Mothers Behaving Badly

She shared that after ten years of a pseudo reunion with her son, she went to visit him without informing him in advance. Ten years of knowing where he was, writing him, stalking him on the internet yet not being able to meet him (his request, not hers), she finally got the nerve to just show up at his door,  more specifically, his place of employment.

I winced when she stated this. Part of me feared hearing the rest of the story as I suspected I knew what was coming. I did. He got angry. Very angry. Told her off. Made a public scene.  Called her awful names. She left. I wondered why she would set herself up for such disappointment yet even in my wondering I knew why she would. I can relate to the need, that never ending hunger to be in your child’s presence, to  feel their breath, to see the way sunlight glistens in their hair, to listen to the unique cadence in the way they speak, to determine if you birthed a demon child as your parish priest suggested you would or if you added a decent individual to the human race. For even if you did not raise that human, the reason he or she exists is due to you choosing to give birth. I understood those primal motherly needs.

Mother friend seemed okay with the result. I would even go so far as to say she seemed to glow. She was not upset he yelled at her, called her names, ordered her away again. She got to see her son and be in his presence. She felt his breath on her. She saw the color of his hair up close and personal and smiled when she realized it was the same color as hers. She said she felt like her emotional load had been lightened. There was a pink to her cheeks that had not been there weeks before. She said she felt better. She felt somehow healed – even though her son raged at her in anger, pointed his finger towards the path she should take and told her to never, ever, contact him again. She finally got to meet her son even if he was a hostile witness in the action.

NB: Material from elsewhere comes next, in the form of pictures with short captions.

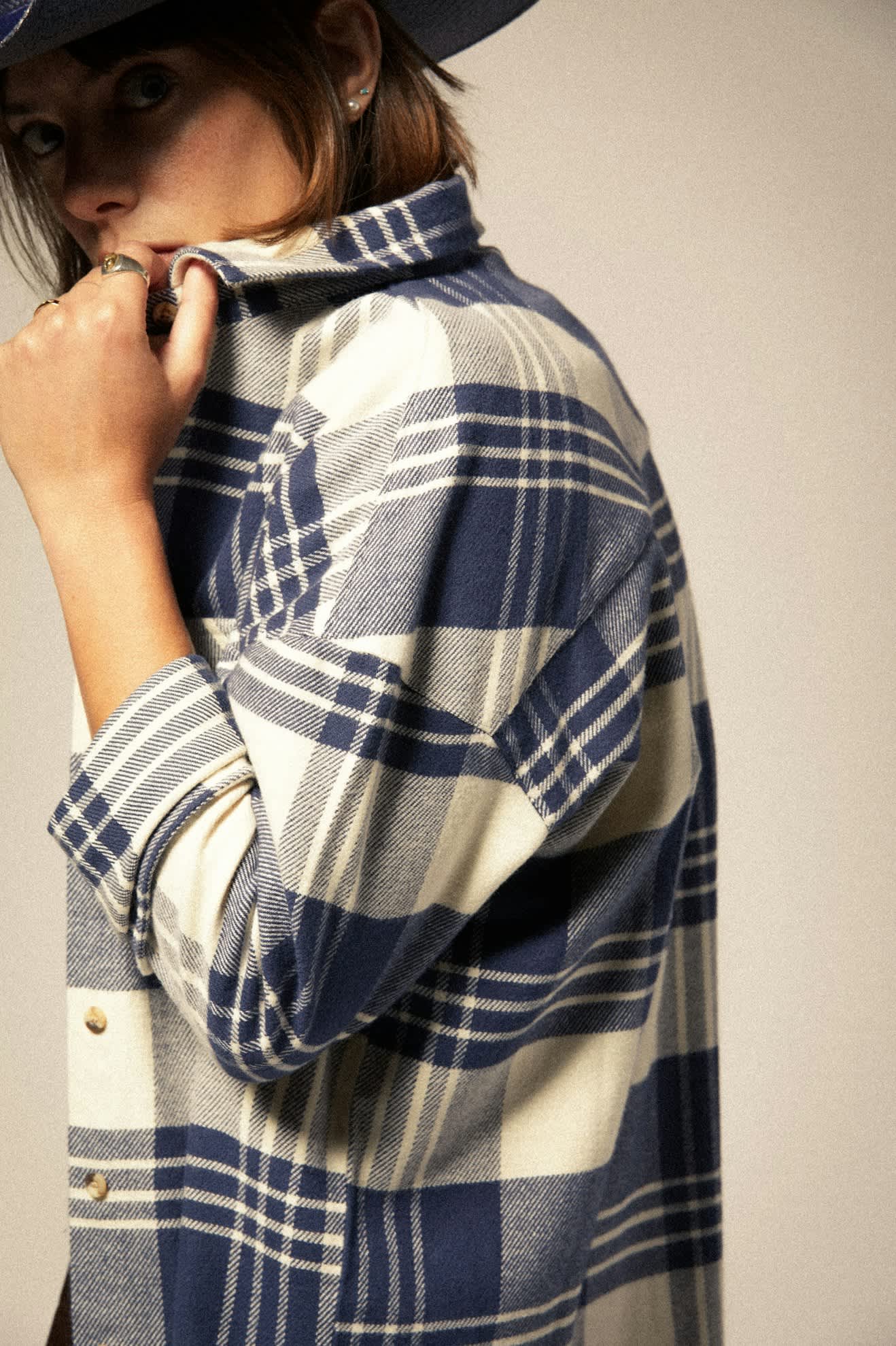 Bowery Women's Classic Long Sleeve Flannel Shirt - Azure Blue & Whitecap Plaid - Cozy Casual Wear for Fall & Winter Outfits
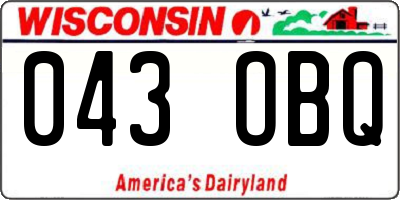 WI license plate 043OBQ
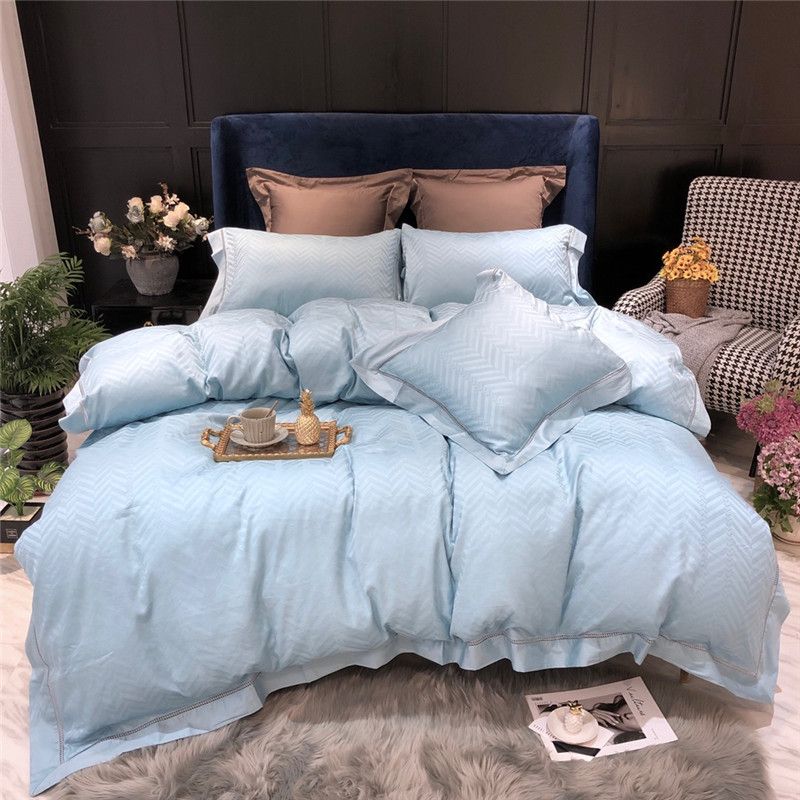 Light Blue Egyptian Cotton Bedding Set Queen King Size Bed Set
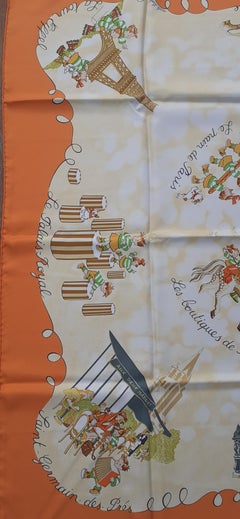 Hermès Silk Scarf Les Triplés Triplets Nicole Lambert Orange 90 cm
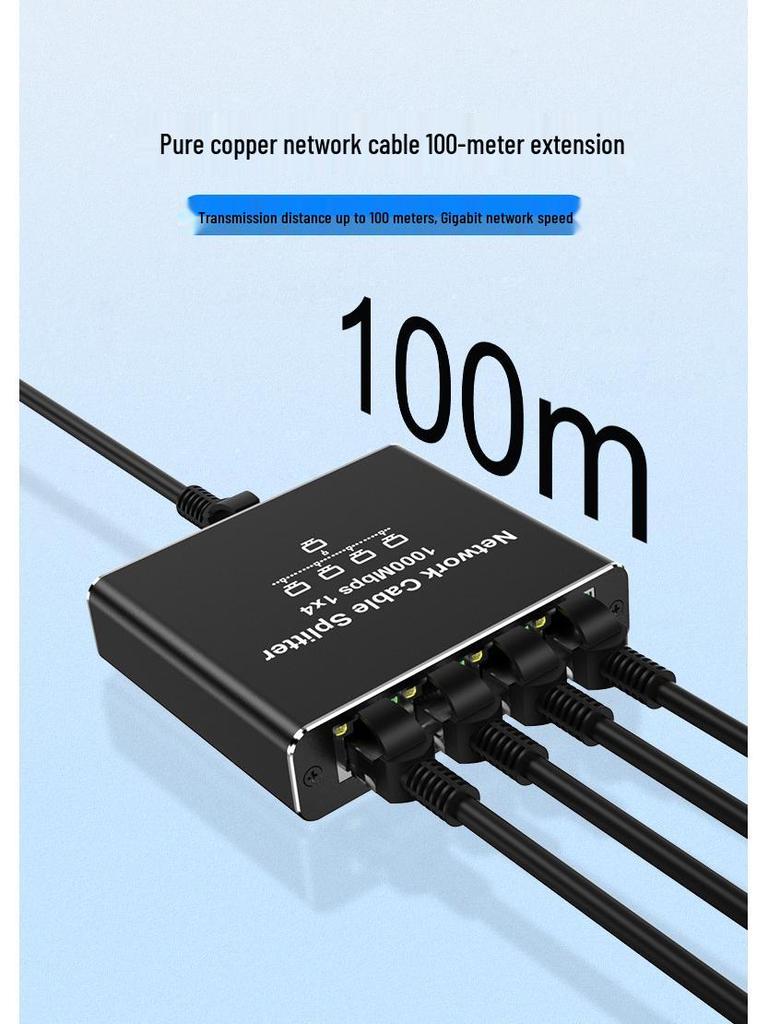 Гигабитный сетевой сплиттер RJ45: Сетевой кабель-разветвитель 1-на-2/4 порта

I have been musing about this woman for a few weeks and her actions made me wonder about the behavior of mothers in reunion and why we do the things we do, why we agree even passive aggressively to the things we agree to and the effect it has on us.

Let me use my own story as an example.

I won’t recycle old stories but I will offer that after a spotty, sporadic multi year correspondence with me, my daughter told me to go away. Told me she did not want any kind of relationship and would appreciate if I never write her again, never comment on her online sites and essentially disappear from the face of the earth. (Recall Death of the Author).

What did I do?

I politely said (not in this many words, but you will get the point) “Okay, dear, whatever you want. You are an adult. I need to respect your feelings and be proper and do what you told me to. You are the conductor of this reunion train. I will hop off as expected and role to the side of the tracks. I will be okay. It is really okay. I will be a good little birthmother and go away. Again.”  I bowed my head, curtsied and rolled away, as instructed. All the while I smiled and pretended it was all perfectly okay with me and I was at peace with going away, again.

If I take me out of that equation, at least the dutiful proper me, I am left with a person that says “Seriously, Suz, WHAT.THE.FUCK? When will you stop being so proper and well behaved? This is your child. Not your mother. Not your father. Not that black clad priest babbling every Sunday at St. James Church. When are you going to stop leaving her?”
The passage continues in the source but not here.